Conexiones | Capítulo 03: Amarneceres

Las cosas con Mario iban de maravilla. Tenía la sensación de estar viviendo algo increíble con este chico. Supongo que, en parte, era porque nunca había tenido ninguna relación formal y, aunque esta tampoco lo era (todavía no nos habíamos pedido salir), las cosas iban rodando. Dormíamos juntos, desayunábamos juntos e, incluso, soñábamos qué queríamos sacar de todo esto. Pero estaba claro que había una mano fantasma que sujetaba el freno de mano y que nos impedía acelerar, que era la relación de la cual acababa de salir Mario.

Es verdad que yo no tenía ninguna intención de que las cosas fueran más deprisa, pero sí necesitaba saber que no estaba perdiendo el tiempo. Me sentía con esa presión en el pecho que solo sienten aquellos que saben que tienen algo que perder, como si de un concurso se tratara y no las tuviera todas conmigo a la hora de responder la pregunta del bote final. Sin embargo, y como decía, yo sentía también que las cosas nos iban bien así.

Además, es curioso que los dos fuéramos artistas, cada uno a su nivel, claro. A mí me apasionaba escribir, y compartí con él algunos extractos que luego presentaría a concursos (e, incluso, a una editorial pequeña); él, por su parte, me enseñaba melodías y letras de algunas canciones que quería grabar para subirlas a YouTube o a alguna plataforma del estilo. «Lo de las maquetas ya está un poco anticuado», me dijo.

Después de tanto tiempo sintiendo el rechazo general del mundo (por mi físico, por mi orientación sexual o, incluso, por mis valores), el hecho de que Mario me tratara bien me daba alas para sentirme valorado, querido y deseado. Para mí era algo nuevo, pero no quería dejar de pasar esa emoción del principio: quería disfrutarlo al máximo, emocionarme y aprovecharme de la novedad de este sentimiento.

Precisamente por esa sencilla razón, porque me gustaba sentirme bien conmigo mismo, y también disfrutaba tantísimo de lo que estaba pasando con Mario, alguna que otra noche la pasaba en vela. Junto a él, en una cama un poco más grande que una individual, me di cuenta de que, precisamente porque atesoraba tantísimo esta nueva sensación, entraban otras emociones en juego, como la ansiedad o el miedo. Me daba miedo de perder esto, me daba incluso apuro expresar todo lo que me pasaba por la cabeza. «Que tampoco sois nada», me autoconvencía.

Pasaron las semanas y cada vez era mayor el tiempo que pasábamos juntos. Y no solo en su casa, que compartía con dos compañeros de piso fantasma, sino también con sus amigos e, incluso, con su familia. Una vez, su hermana pasaba por la ciudad y aprovechó para presentarme. «Este es Martín», dijo. Sin apellidos: ni «novio», ni «pareja». Nada.

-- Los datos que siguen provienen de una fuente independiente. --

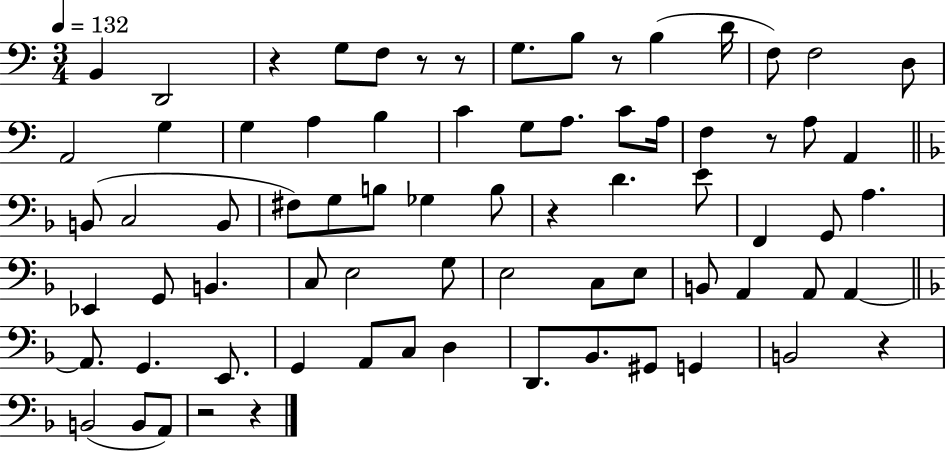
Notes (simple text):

B2/q D2/h R/q G3/e F3/e R/e R/e G3/e. B3/e R/e B3/q D4/s F3/e F3/h D3/e A2/h G3/q G3/q A3/q B3/q C4/q G3/e A3/e. C4/e A3/s F3/q R/e A3/e A2/q B2/e C3/h B2/e F#3/e G3/e B3/e Gb3/q B3/e R/q D4/q. E4/e F2/q G2/e A3/q. Eb2/q G2/e B2/q. C3/e E3/h G3/e E3/h C3/e E3/e B2/e A2/q A2/e A2/q A2/e. G2/q. E2/e. G2/q A2/e C3/e D3/q D2/e. Bb2/e. G#2/e G2/q B2/h R/q B2/h B2/e A2/e R/h R/q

En ese momento de mi vida —recordemos: tenía solo 19 años—, me dio un poco de rabia. Era como no darme el espacio que creía que me merecía… pero ¿qué espacio me merecía realmente? ¿Era suficiente con el que me estaba dando? ¿Es que habíamos hablado? ¿Habíamos tenido alguna conversación? ¿Habíamos dicho qué queríamos el uno del otro? ¿No estaba respetando su duelo, después de una relación? ¿Qué estaba pasando realmente?

Todas esas preguntas tuvieron respuesta una noche de octubre, con unas temperaturas un poco más bajas que de costumbre. Se acercaba el cambio de hora, y era algo que me trastocaba (y, de hecho, me sigue trastocando) los horarios. Me daba por dormir de más o de menos, según la época, pero en ese momento, en el que me preocupaba toda la situación con Mario, me dio por no dormir.

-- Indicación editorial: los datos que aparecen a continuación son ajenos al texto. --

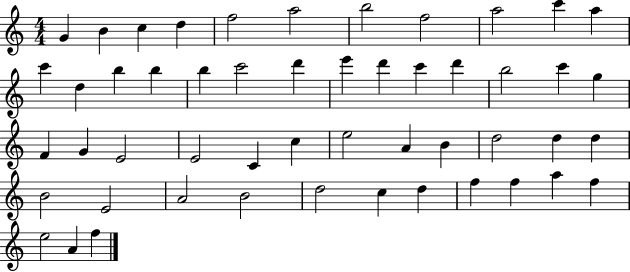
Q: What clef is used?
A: treble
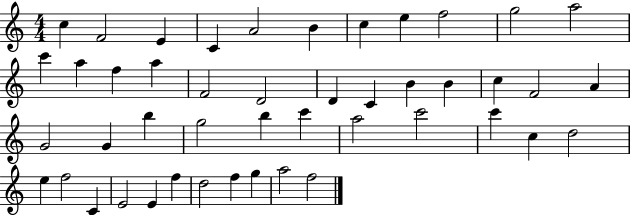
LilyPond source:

{
  \clef treble
  \numericTimeSignature
  \time 4/4
  \key c \major
  c''4 f'2 e'4 | c'4 a'2 b'4 | c''4 e''4 f''2 | g''2 a''2 | \break c'''4 a''4 f''4 a''4 | f'2 d'2 | d'4 c'4 b'4 b'4 | c''4 f'2 a'4 | \break g'2 g'4 b''4 | g''2 b''4 c'''4 | a''2 c'''2 | c'''4 c''4 d''2 | \break e''4 f''2 c'4 | e'2 e'4 f''4 | d''2 f''4 g''4 | a''2 f''2 | \break \bar "|."
}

Esa noche no pude compartir cama con él. Estaba un tanto angustiado, necesitaba respuestas, pero me daba mucho miedo hacer las preguntas. Me fui a la terraza. En ella, uno de sus compañeros había metido un sofá casi a presión sobre una de las paredes, y quedaba una zona chill-out bastante bonita e improvisada. Me senté a leer algo, para ver si desconectando podía descansar algo del runrún general de mi cabeza. No duré ni tres páginas y caí redondo.

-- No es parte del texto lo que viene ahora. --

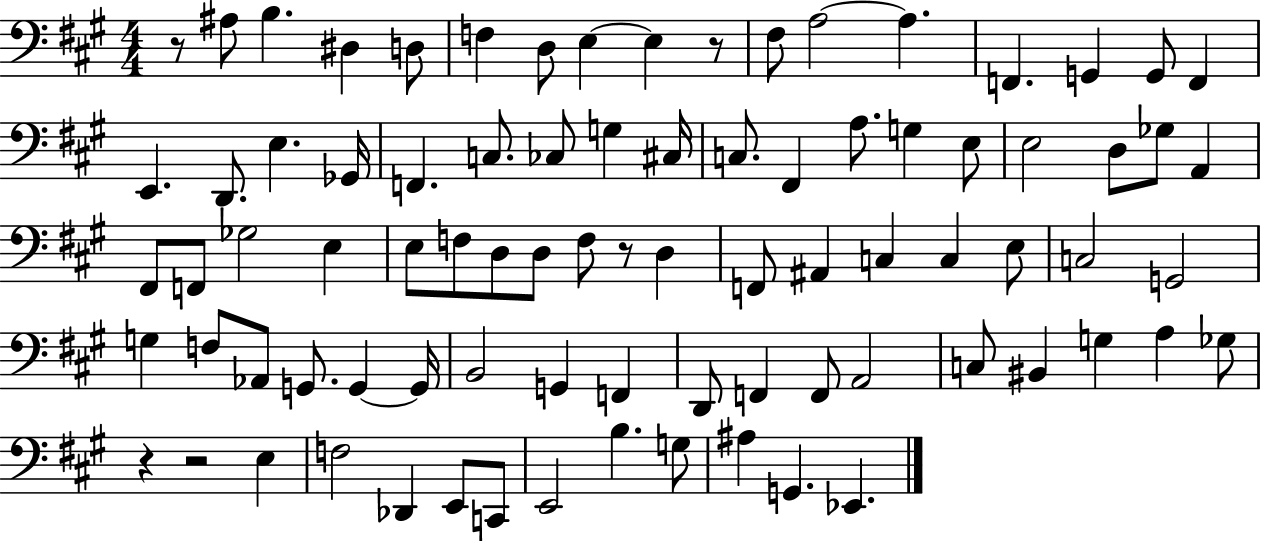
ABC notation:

Mario se levantó casi al alba. Me buscó por la casa y me encontró en la terraza, acurrucado y con el libro tirado en el suelo. Luego me confesó que me vio tan indefenso, tan vulnerable y tan bonito que pensó las palabras que luego nos diríamos mil veces, ya fuera al amanecer o por la noche. Unas palabras que parecían inalcanzables en algunos estadios previos a esa noche, pero que, evidentemente llegaron: «te quiero».